Savoir Beds laughs at your unspooling mail-order mattresses and their promises of ultimate comfort. The UK-based company has teamed with London's Savoy Hotel to offer what they’ve declared is one of the most luxurious nights of sleep you’ll ever experience. 

What do they have that everyone else lacks? About eight pounds of Mongolian yak hair.
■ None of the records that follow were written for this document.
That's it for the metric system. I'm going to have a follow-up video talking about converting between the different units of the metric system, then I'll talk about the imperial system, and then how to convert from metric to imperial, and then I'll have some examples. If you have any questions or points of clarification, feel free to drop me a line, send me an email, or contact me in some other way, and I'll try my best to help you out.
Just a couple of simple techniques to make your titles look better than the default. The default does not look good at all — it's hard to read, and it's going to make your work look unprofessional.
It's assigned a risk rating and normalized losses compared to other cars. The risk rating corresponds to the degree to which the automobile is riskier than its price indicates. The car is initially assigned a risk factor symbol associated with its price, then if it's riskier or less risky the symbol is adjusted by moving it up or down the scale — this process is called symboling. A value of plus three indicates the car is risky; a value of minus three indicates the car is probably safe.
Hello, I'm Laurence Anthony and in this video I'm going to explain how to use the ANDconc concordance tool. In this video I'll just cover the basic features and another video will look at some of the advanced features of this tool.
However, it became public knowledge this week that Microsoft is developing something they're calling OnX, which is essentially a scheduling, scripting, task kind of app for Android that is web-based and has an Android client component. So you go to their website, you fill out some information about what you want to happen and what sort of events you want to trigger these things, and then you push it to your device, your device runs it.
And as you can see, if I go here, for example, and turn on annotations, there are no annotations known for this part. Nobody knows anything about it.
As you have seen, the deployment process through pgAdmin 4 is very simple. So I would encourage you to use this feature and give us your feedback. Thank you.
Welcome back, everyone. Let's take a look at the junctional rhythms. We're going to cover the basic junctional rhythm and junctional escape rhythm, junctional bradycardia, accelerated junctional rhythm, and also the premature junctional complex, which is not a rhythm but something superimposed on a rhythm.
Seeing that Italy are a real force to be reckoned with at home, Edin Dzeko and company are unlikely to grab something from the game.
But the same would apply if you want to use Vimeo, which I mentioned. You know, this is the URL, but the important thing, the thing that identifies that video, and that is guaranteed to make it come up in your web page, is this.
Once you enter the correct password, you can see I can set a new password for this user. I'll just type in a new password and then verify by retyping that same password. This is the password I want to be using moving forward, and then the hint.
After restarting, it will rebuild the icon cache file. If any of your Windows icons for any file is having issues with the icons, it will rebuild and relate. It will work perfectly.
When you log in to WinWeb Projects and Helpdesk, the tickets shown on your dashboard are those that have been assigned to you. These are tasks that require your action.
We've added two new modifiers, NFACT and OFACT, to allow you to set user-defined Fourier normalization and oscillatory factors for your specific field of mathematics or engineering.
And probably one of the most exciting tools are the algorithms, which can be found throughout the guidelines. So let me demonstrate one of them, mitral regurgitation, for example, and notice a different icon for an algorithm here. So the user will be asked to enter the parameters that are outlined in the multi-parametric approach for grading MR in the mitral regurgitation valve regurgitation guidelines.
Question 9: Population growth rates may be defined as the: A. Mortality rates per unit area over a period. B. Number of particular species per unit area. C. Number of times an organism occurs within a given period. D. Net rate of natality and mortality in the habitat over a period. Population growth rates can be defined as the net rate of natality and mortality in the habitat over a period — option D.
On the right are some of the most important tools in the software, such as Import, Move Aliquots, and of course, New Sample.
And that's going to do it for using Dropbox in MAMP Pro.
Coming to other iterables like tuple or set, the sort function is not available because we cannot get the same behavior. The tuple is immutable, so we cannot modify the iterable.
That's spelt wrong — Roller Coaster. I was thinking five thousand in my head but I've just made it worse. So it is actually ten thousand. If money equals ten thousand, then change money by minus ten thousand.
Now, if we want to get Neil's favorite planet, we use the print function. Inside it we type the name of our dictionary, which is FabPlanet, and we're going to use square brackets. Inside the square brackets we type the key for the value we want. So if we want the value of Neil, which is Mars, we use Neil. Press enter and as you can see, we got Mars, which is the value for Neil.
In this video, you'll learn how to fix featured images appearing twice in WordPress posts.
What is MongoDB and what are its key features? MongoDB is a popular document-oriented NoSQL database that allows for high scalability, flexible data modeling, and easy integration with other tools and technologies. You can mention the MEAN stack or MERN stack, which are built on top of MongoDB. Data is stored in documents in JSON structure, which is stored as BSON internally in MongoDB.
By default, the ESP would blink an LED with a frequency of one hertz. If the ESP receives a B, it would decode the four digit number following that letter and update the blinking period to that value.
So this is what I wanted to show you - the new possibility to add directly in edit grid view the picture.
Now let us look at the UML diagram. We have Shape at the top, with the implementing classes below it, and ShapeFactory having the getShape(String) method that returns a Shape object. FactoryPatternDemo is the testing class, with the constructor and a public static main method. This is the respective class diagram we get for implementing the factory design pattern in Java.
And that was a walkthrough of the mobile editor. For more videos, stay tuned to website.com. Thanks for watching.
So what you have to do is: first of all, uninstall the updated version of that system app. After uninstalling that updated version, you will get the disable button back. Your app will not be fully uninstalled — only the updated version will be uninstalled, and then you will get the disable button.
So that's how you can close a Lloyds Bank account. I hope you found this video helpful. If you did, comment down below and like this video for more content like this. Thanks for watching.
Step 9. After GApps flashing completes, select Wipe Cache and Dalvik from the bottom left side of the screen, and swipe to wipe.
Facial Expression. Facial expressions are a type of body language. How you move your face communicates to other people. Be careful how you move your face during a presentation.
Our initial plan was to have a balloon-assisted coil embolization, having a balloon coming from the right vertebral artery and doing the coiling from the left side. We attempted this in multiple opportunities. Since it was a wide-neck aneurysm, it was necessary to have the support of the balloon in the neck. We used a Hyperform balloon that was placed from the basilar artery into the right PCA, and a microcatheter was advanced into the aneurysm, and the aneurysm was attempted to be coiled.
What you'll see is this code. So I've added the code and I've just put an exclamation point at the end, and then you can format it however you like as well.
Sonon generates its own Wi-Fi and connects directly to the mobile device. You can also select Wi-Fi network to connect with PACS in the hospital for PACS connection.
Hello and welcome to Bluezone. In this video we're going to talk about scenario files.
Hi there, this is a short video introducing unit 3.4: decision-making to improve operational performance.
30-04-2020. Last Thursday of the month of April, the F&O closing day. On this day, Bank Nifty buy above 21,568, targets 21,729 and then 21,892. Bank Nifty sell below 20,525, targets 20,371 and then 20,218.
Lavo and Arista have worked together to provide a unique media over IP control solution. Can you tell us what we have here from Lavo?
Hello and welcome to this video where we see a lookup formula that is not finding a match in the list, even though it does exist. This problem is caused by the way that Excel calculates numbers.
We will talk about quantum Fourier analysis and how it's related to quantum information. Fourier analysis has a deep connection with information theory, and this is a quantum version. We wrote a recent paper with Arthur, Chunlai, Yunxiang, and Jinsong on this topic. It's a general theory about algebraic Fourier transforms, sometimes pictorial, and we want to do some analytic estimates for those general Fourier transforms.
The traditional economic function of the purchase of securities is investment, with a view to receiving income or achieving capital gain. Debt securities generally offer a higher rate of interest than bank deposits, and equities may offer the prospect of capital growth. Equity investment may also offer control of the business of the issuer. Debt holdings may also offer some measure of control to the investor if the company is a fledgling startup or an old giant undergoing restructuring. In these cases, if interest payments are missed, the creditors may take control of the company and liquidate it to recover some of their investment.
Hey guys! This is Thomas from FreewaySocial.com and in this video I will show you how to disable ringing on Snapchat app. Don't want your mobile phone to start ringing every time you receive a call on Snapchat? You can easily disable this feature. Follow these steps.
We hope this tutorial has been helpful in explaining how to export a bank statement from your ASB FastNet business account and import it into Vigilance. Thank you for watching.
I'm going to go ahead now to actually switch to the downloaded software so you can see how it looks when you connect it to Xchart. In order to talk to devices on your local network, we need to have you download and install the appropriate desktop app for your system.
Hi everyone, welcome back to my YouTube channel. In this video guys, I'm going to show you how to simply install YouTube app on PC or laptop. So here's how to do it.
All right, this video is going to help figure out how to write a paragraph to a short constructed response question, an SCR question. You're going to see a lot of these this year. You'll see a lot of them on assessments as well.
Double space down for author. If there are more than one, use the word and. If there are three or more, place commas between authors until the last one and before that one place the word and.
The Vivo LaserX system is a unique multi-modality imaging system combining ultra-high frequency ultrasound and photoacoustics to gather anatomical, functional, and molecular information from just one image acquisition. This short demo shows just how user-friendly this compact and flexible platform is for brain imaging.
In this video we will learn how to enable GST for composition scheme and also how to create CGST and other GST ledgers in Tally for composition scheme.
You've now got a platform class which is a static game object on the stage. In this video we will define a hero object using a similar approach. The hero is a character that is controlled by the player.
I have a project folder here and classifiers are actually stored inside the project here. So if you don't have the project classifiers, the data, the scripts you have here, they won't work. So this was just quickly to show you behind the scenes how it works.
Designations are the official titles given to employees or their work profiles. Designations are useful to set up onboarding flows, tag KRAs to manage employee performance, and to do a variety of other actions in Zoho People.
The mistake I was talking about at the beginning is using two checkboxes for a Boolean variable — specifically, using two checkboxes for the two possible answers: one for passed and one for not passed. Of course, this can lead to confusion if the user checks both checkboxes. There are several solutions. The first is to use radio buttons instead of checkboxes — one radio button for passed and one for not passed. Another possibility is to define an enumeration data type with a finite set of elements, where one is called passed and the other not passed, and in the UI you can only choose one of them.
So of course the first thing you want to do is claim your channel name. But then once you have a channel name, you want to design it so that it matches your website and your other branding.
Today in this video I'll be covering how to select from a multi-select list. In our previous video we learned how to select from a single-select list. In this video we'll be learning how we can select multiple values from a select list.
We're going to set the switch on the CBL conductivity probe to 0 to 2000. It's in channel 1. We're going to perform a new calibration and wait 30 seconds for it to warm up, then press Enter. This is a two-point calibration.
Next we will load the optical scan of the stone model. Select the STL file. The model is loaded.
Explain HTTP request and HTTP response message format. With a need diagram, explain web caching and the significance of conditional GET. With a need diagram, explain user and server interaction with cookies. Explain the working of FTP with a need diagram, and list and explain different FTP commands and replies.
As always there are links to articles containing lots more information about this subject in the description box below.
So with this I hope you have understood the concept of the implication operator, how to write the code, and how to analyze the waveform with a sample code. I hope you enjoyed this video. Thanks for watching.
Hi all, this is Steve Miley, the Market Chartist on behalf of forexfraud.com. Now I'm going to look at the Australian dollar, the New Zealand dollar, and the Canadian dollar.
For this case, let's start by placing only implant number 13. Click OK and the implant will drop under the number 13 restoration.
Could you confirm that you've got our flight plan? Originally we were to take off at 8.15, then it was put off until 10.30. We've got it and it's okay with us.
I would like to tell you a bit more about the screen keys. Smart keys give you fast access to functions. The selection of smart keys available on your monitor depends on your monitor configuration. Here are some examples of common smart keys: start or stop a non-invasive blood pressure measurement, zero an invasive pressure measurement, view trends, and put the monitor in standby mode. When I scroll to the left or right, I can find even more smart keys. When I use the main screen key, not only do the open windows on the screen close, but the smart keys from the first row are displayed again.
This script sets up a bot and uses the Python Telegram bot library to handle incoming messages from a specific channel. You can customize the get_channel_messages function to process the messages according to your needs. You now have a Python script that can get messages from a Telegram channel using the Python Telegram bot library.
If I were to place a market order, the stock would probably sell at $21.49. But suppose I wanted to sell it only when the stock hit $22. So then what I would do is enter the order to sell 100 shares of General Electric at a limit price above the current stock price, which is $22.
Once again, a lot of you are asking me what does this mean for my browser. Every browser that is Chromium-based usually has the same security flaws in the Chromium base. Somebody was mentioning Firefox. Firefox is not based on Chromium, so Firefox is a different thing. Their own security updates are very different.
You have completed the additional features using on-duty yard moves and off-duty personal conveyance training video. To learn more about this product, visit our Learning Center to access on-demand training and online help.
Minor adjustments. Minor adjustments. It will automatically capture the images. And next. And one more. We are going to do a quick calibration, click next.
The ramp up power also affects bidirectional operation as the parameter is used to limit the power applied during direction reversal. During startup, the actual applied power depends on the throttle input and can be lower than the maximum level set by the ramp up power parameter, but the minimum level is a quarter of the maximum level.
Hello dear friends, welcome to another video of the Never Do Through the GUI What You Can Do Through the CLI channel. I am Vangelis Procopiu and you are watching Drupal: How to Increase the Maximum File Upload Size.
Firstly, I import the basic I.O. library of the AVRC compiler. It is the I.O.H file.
The elegantly-named Savoir No. 1 Khangai Limited Edition is part of the hotel’s elite Royal Suite accommodations. For $1845 a night, guests can sink into the mattress with a topper stuffed full of yak hair from Khangai, Mongolia. Hand-combed and with heat-dispensing properties, it takes 40 yaks to make one topper. In a press release, collaborator and yarn specialist Tengri claims it “transcends all levels of comfort currently available.”

Visitors opting for such deluxe amenities also have access to a hair stylist, butler, chef, and a Rolls-Royce with a driver.

Savoir Beds has entered into a fair-share partnership with the farmers, who receive an equitable wage in exchange for the fibers, which are said to be softer than cashmere. If you’d prefer to luxuriate like that every night, the purchase price for the bed is $93,000. Purchased separately, the topper is $17,400. Act soon, as only 50 of the beds will be made available each year.